Cassandra Partitioning, High Availability, and Consistency - Real-time Analytics with Storm and Cassandra (2015)

Real-time Analytics with Storm and Cassandra (2015)

Chapter 7. Cassandra Partitioning, High Availability, and Consistency

In this chapter, you will understand the internals of Cassandra to learn how data partitioning is implemented and you'll learn about the hashing technique employed on Cassandra's keyset distribution. We will also get an insight into replication and how it works, and the feature of hinted handoff. We will cover the following topics:

· Data partitioning and consistent hashing; we'll look at practical examples

· Replication, consistency, and high availability

Consistent hashing

Before you understand its implication and application in Cassandra, let's understand consistent hashing as a concept.

Consistent hashing works on the concept in its name—that is hashing and as we know, for a said hashing algorithm, the same key will always return the same hash code—thus, making the approach pretty deterministic by nature and implementation. When we use this approach for sharding or dividing the keys across the nodes in the cluster, consistent hashing is the technique that determines which node is stored in which node in the cluster.

Have a look at the following diagram to understand the concept of consistent hashing; imagine that the ring depicted in the following diagram represents the Cassandra ring and the nodes are marked here in letters along with the numerals that actually mark the objects (inverted triangles) to be mapped to the ring.

Consistent hashing

Consistent hashing for the Cassandra cluster

To compute the ownership of the object to the node it belongs to, all that's required is traversal in clockwise to encounter the next node.
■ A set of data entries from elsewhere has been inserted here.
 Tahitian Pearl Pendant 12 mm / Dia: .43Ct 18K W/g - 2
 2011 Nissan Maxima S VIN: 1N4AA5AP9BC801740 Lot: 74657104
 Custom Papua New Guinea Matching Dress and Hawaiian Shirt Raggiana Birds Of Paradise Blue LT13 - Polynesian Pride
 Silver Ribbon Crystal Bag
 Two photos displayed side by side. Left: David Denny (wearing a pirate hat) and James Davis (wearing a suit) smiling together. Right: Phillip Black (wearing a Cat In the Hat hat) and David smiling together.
The node that follows the data item, which is an inverted triangle, is the node that owns the object, for example:

· 1 belongs to node A

· 2 belongs to node B

· 3 belongs to node C

· 4 belongs to node C

· 5 belongs to node D

· 6 belongs to node E

· 7 belongs to node F

· 8 belongs to node H

· 9 belongs to node H

So as you see, this uses simple hashing to compute the ownership of the key in a ring, based on owned token range.

Let's look at a practical example of consistent hashing; to explain this let's take a sample column family where the partition key value is the name.
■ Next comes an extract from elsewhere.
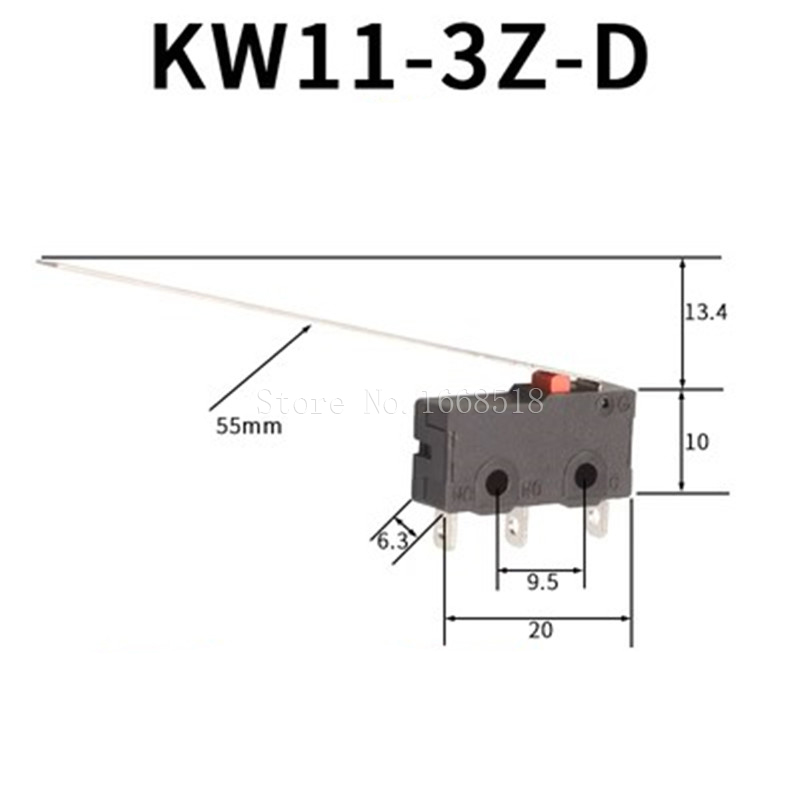 10 PCS Micro Switch 2/3Pin NO/NC Mini Limit Switch 5A 250VAC KW11-3Z Roller Arc lever Snap Action Push Micro switches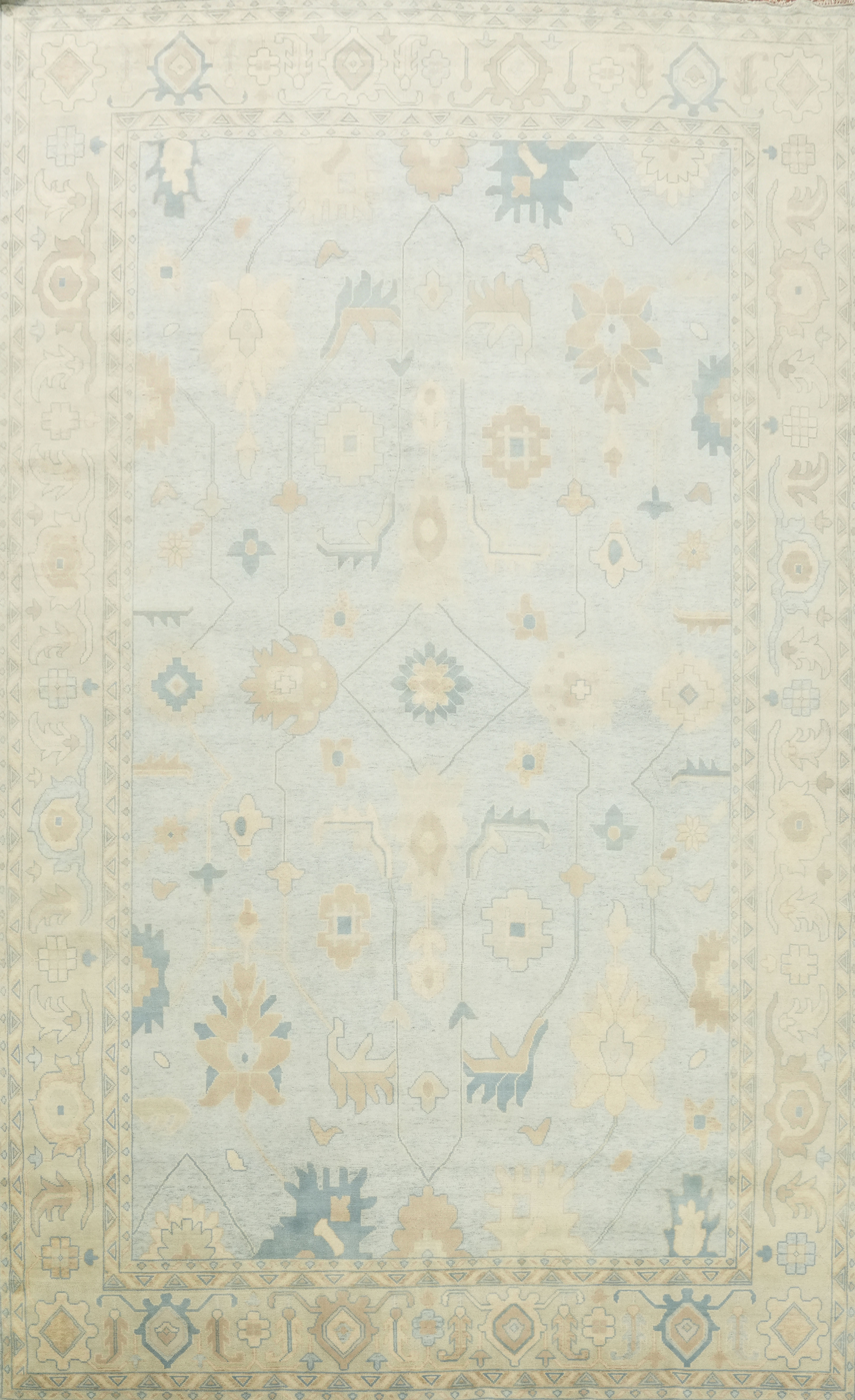 Muted Blue Hand-Knotted Oushak Style Large Area Rug 13′ x 21′ Ft Wool Carpet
Let's say the following is the column value data:

Name

Gender

Jammy

M

Carry

F

Jesse

M

Sammy

F

Here is what the hash-mapping would look like:

Partition key

Hash value

Jim

2245462676723220000.00

Carol

7723358927203680000.00

Johnny

6723372854036780000.00

Suzy

1168604627387940000.00

Let's say I have four nodes with the following range; here is how the data would be distributed:

Node

Start range

End range

Partition key

Hash value

A

9223372036854770000.00

4611686018427380000.00

Jammy

6723372854036780000.00

B

4611686018427380000.00

1.00

Jesse

2245462676723220000.00

C

0.00

4611686018427380000.00

suzy

1168604627387940000.00

D

4611686018427380000.00

9223372036854770000.00

Carry

7723358927203680000.00

Now that you understand the concept of consistent hashing, let's look at the scenarios where the one or more node goes down and comes back up.

One or more node goes down

We are currently looking at a very common scenario where we envision that one node goes down; for instance, here we have captured two of them going down: B and E. What will happen now? Well nothing much, we'd follow the same pattern as before, which moves clockwise to find the next live node and allocate the values to that node.

So in our case, the allocations would change to the following:

One or more node goes down

The allocation in the preceding figure is as follows:

· 1 belongs to A

· 2, 3, and 4 belong to C

· 5 belongs to D

· 6, and 7 belong to F

· 8, and 9 belong to H

One or more node comes back up

Now let's assume a scenario where node 2 comes back up; well, what happens then is again the same as on prior explanation, and the ownership is reestablished as follows:

· 1 belongs to A

· 2 belongs to B

· 3, and 4 belong to C

· 5 belongs to D

· 6, and 7 belong to F

· 8, and 9 belong to H

So, we have demonstrated that this techniques works for all situations and that's why it is used.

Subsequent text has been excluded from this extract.